Karl VI

Karl VI

King of France from 1380 to 1422, from the Valois dynasty
Date of Birth: 03.12.1368
Country: France

  1. Biography of Charles VI of France
  2. Early Reign and Influences
  3. Personal Qualities
  4. Assumption of Power
  5. Mental Illness

Biography of Charles VI of France

Charles VI of France, also known as Charles the Mad, was born in 1368 and reigned as King of France from 1380 to 1422. He belonged to the Valois dynasty and was the son of Charles V and Jeanne of Bourbon. In 1385, he married Isabella, the daughter of Duke Stephen III of Bavaria.
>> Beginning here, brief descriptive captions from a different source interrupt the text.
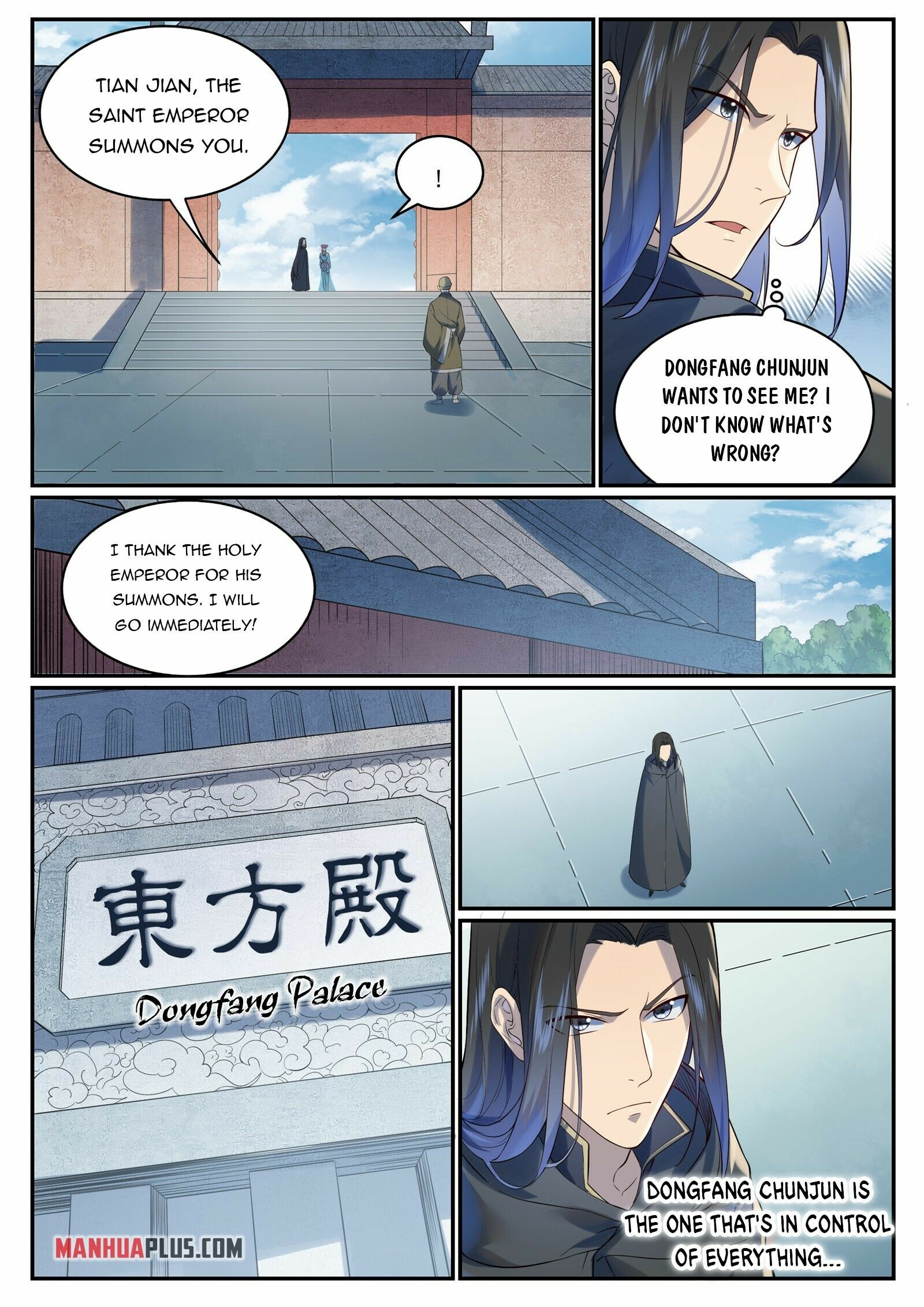 Apotheosis Chapter 980 - 6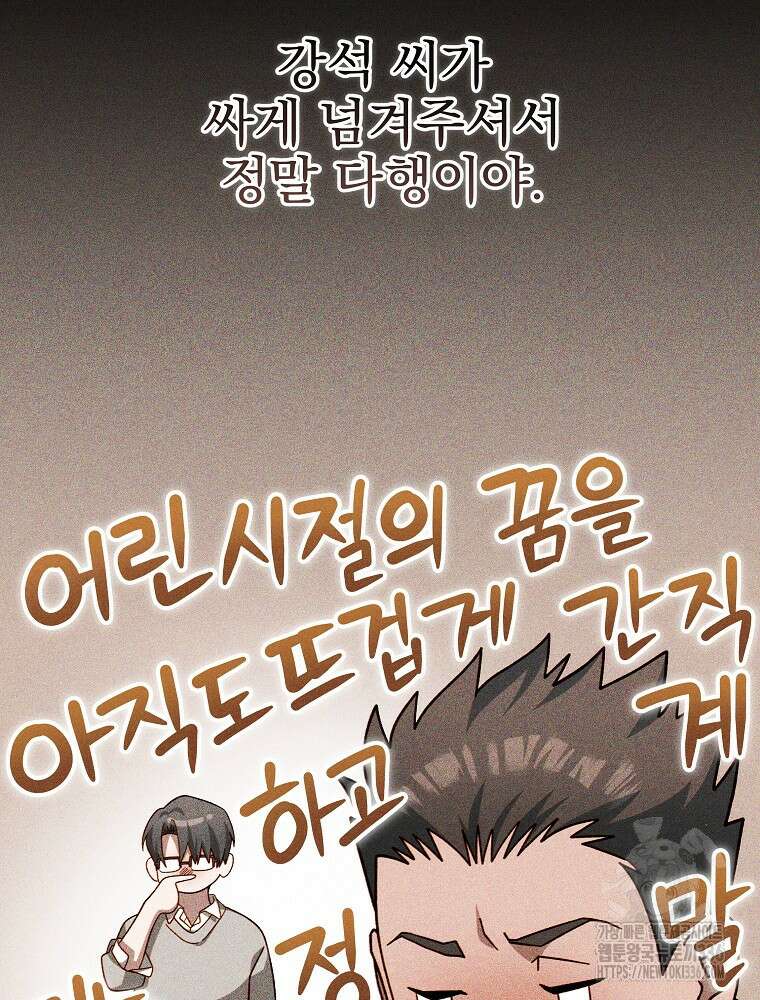 천재 궁수의 스트리밍 3화 32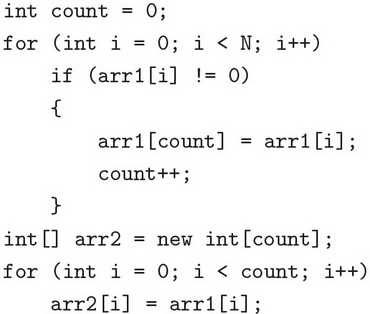 ap computer science practice exam 1 answers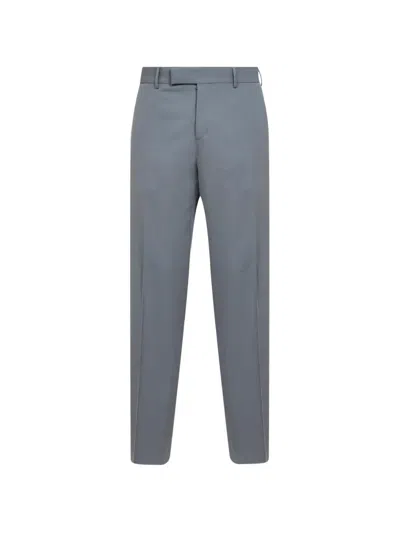 Fendi Ff-embroidered Straight-leg Trousers In Blue
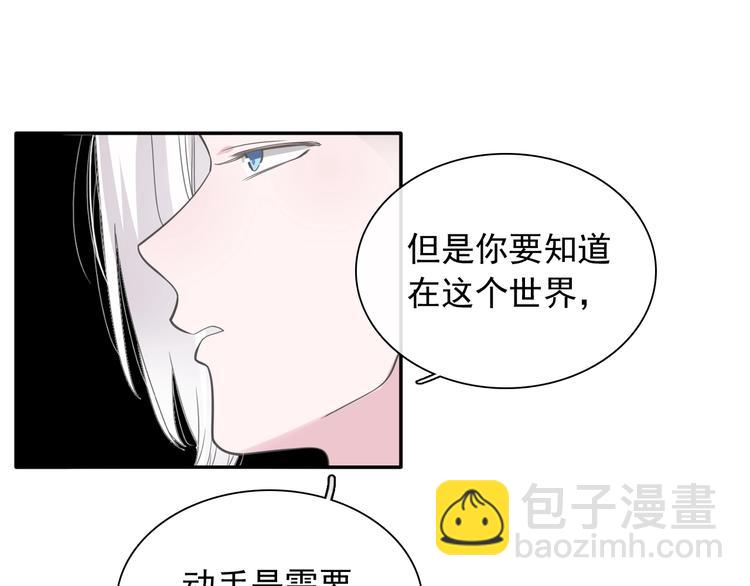 女巨人也要談戀愛 - 第191話 隱瞞(1/3) - 8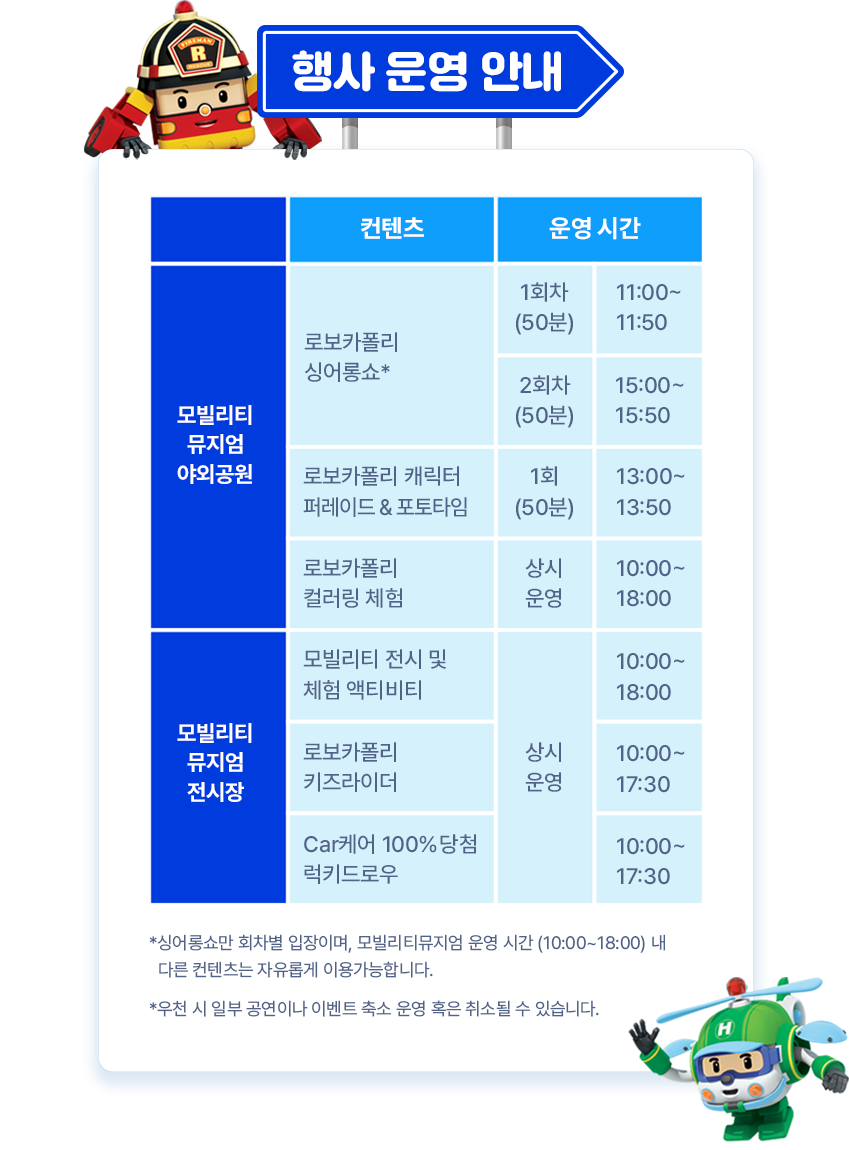 Time Table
Early Reign and Influences

Charles ascended to the throne at the age of twelve, with power initially being held by his uncles, the Dukes of Anjou, Burgundy, and Berry. This period was marked by popular uprisings, rebellions, and wars with the Flemish. Despite reaching adulthood, Charles remained under the strong influence of the Duke of Burgundy for several years.

Personal Qualities

Charles was a handsome young man with chivalrous manners, passionate, and naturally possessed good qualities such as kindness and friendliness. However, he was raised in a frivolous society and enjoyed lavish and extravagant pleasures. For a long time, he neglected his responsibilities as he indulged in these pursuits.

Assumption of Power

Eventually, Charles noticed that the state was in disarray due to the actions of his uncles and decided to take matters into his own hands. In November 1389, after returning from a campaign in Gelderland, he gathered nobles, clergy, and other important figures to discuss the affairs of the kingdom. After carefully listening to their reports, he sought advice on how to improve the state of the country. Bishop Montagu of Langres suggested that if the king intended to rule in a new way, he should free himself from his previous advisors. Charles liked this advice and dismissed his uncles, replacing them with experienced administrators who had served under his father, such as Constable Clisson, Bishop Montagu, and La Merse.

Mental Illness

Charles, however, quickly lost interest in governance and returned to his unrestrained amusements. He was a highly impressionable young man prone to passionate impulses and interests. His mind was filled with numerous diverse projects, none of which he had the opportunity to implement. Over time, it became apparent that the king's sanity was deteriorating. In 1392, his illness worsened, and he started a war against the Duke of Brittany. During this campaign, his mental disorder escalated into a violent frenzy. Charles charged around, swinging his sword, injuring several of his escorts, and even killing some. Eventually, he was stopped and fell into a prolonged state of unconsciousness. After several months, his sanity returned, and he seemed completely cured of his madness. However, in 1393, during a masquerade, another episode occurred. From then on, his madness increasingly took hold of him. For the last 30 years of his reign, he was effectively unable to govern the country, resulting in immense suffering for the people.